When Sunderland student Chris Smith went to war, he'd reckoned without one thing - how cold it would be.

He could cope with the tough physical regime and even the mental torture. But the cold sent shivers down his spine as he joined a bunch of raw recruits in BBC1's new series Destination D-Day.

Chris temporarily deserted his geography studies at university in his home town to join 23 other young men, aged between 18 and 25, from around the country to train for the Normandy landings.

The plan was to put them through their military paces, watched by three Second World War veterans, in a four-week programme designed to be like the gruelling training that young men their age went through in the run-up to D-Day 60 years ago.

Coming from the North-East, with its reputation as being part of the "frozen North", you'd think 19-year-old Smith would be used to the cold.

"That's what everybody says, but there's no difference. You'd think we lived in the Antarctic the way they say that, but the first time out on exercise on Dartmoor it was minus 22 and we were just in sleeping bags," he says.

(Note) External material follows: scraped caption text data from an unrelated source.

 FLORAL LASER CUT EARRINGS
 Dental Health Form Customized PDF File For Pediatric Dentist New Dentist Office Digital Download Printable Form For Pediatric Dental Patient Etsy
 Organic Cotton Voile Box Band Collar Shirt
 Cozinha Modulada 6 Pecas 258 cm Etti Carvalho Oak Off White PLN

"It was cold and there was a lot of waiting around. It was just the fact that the days were 20 hours long and we had practically no sleep - and it was so cold. I was never ever warm."

At one point, he almost quit - and he wasn't the first as several left within days of beginning training. "Two occasions I got up and changed, and said that I was going home," he confesses. "I was taken to the train station and was on the point of leaving, but at the last minute decided to stay."

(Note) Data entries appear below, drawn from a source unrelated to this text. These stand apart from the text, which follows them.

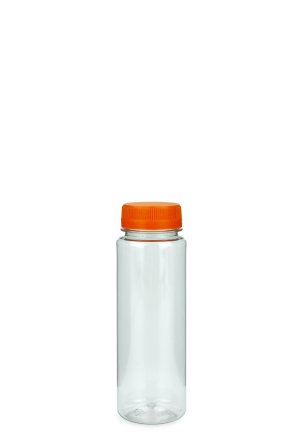 200 ml R-PET-Smoothie-Flasche transparent, Ø 48,0 mm, Verschluss orange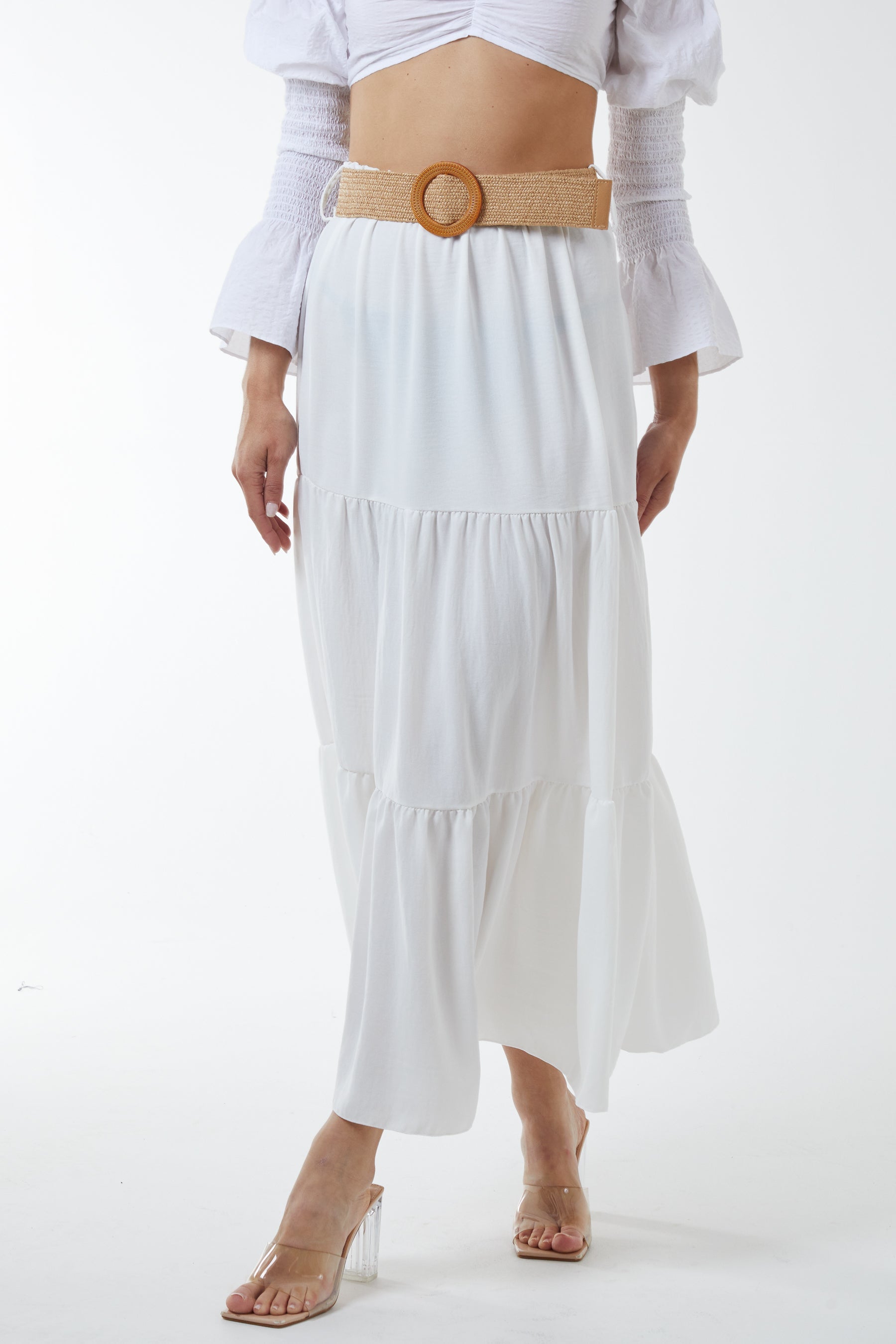 Black Belted Tiered Maxi Skirt For Women ONE SIZE - Dropwear
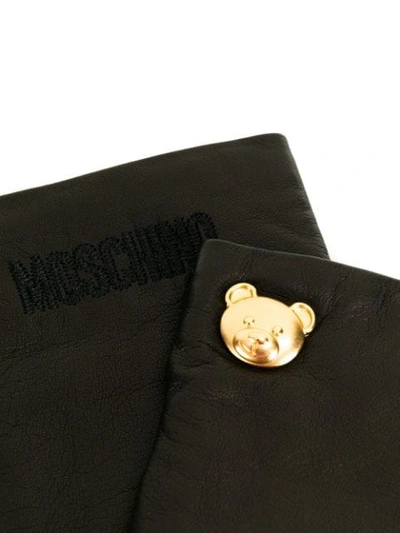 Shop Moschino Teddy Charm Gloves In Brown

He'd had some experience of military life in the army cadets. "But it's nothing compared to the real thing," says Smith, whose soldier brother Lee has just returned from serving with the British forces in Iraq.

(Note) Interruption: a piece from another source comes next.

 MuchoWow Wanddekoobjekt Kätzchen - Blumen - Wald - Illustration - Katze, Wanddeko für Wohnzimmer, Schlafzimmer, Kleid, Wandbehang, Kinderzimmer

This observational series - as the BBC calls it rather than reality TV - blends footage of the recruits undergoing training with the memories of the D-Day veterans.

It decided Smith against a career in the Army, which he had been considering, although he doesn't regret the experience. He'd originally applied to take part in another BBC series, SAS: Are You Tough Enough?. "I was too young but they must have kept my name on file. When this new programme came up, they asked me to do it. I was very keen," he says.

Following a selection weekend at Aldershot army camp, he was marched off immediately for intensive training with the other recruits. "The weekend was more about the physical side with swimming, running and that sort of thing. It was more to do with endurance than strength, and was a lot easier than the actual training," he recalls.

Recruits spent four weeks undertaking a variety of training programmes at military establishments all over the country. Most of the time they were in the dark about what was going to happen next. "They didn't tell you anything. It was really hush-hush. You had to try to squeeze out of them what you were doing the next day," he says.

Only 18, including Smith, completed the course. He entered for a challenge, and that's what he got. "Some of my mates say, 'how much did you get paid?' or 'why did you do it?'. But it's one of the experiences of a lifetime. I have no regrets," says Smith.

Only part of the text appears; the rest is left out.